**Task**
Make an exact transcript of the lines in the data below, starting with the one containing "2122 W Silverleaf" and going on through the one containing "치열하게 일하며 아이에게", with both included and the pictures left out.

**Dataset entries**
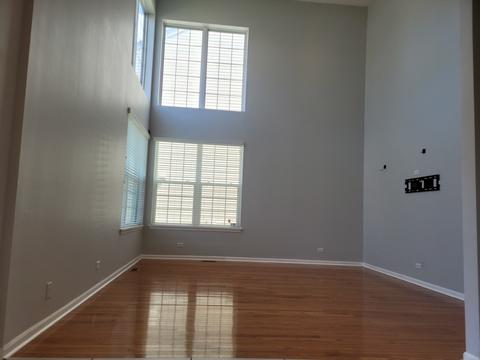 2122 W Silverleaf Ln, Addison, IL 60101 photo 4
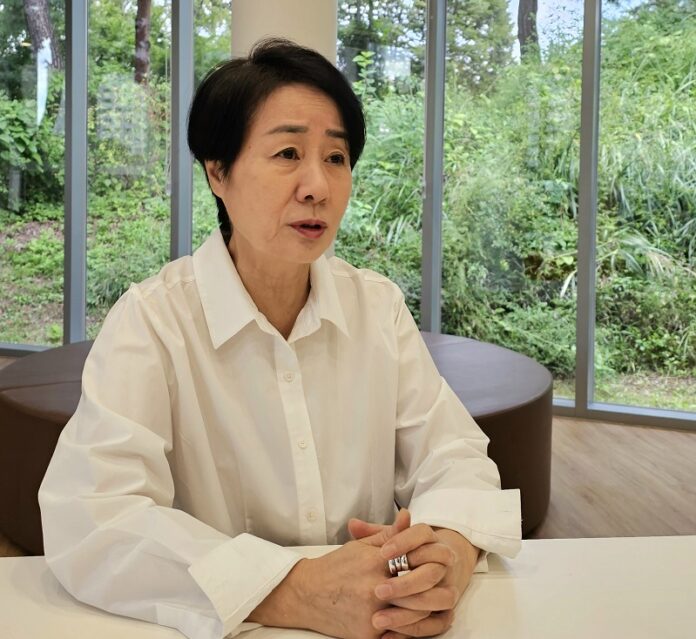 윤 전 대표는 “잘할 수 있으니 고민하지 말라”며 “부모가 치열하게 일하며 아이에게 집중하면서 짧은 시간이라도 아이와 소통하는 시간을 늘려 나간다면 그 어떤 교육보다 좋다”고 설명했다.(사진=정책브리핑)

--

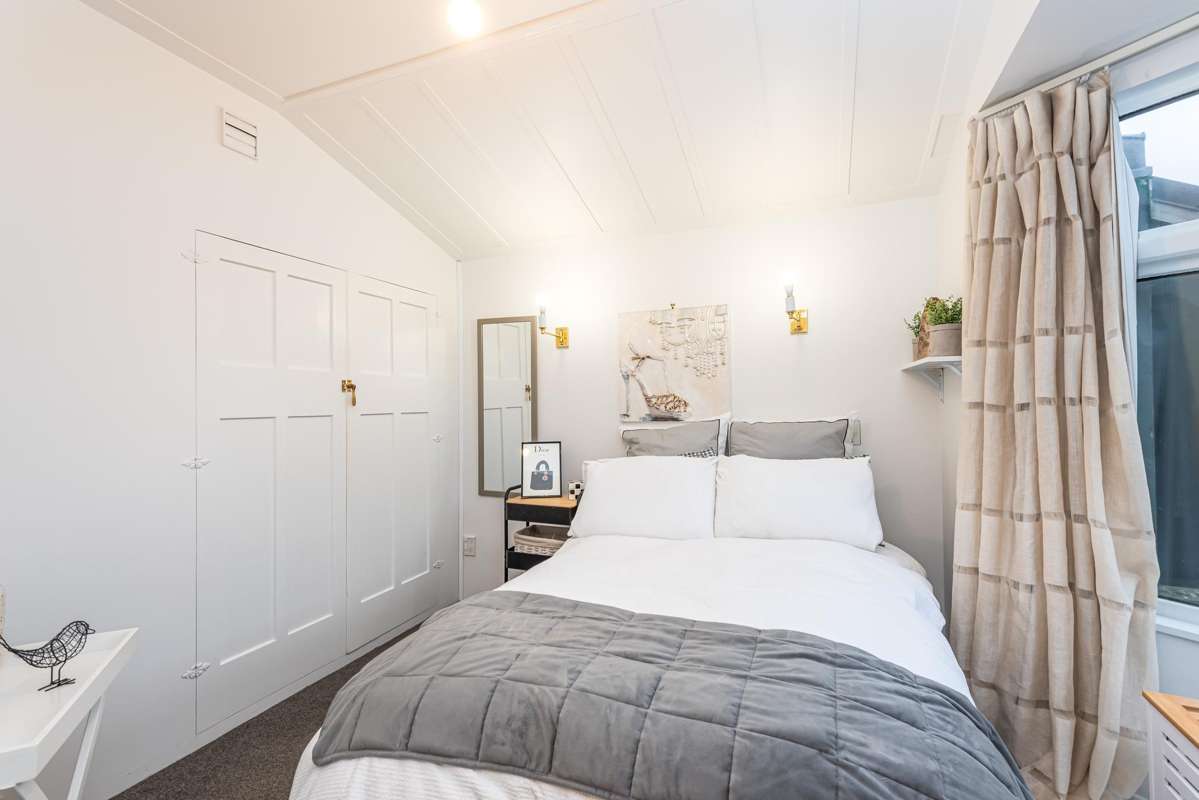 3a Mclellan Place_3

**Response to the task**
 2122 W Silverleaf Ln, Addison, IL 60101 photo 4
 윤 전 대표는 “잘할 수 있으니 고민하지 말라”며 “부모가 치열하게 일하며 아이에게 집중하면서 짧은 시간이라도 아이와 소통하는 시간을 늘려 나간다면 그 어떤 교육보다 좋다”고 설명했다.(사진=정책브리핑)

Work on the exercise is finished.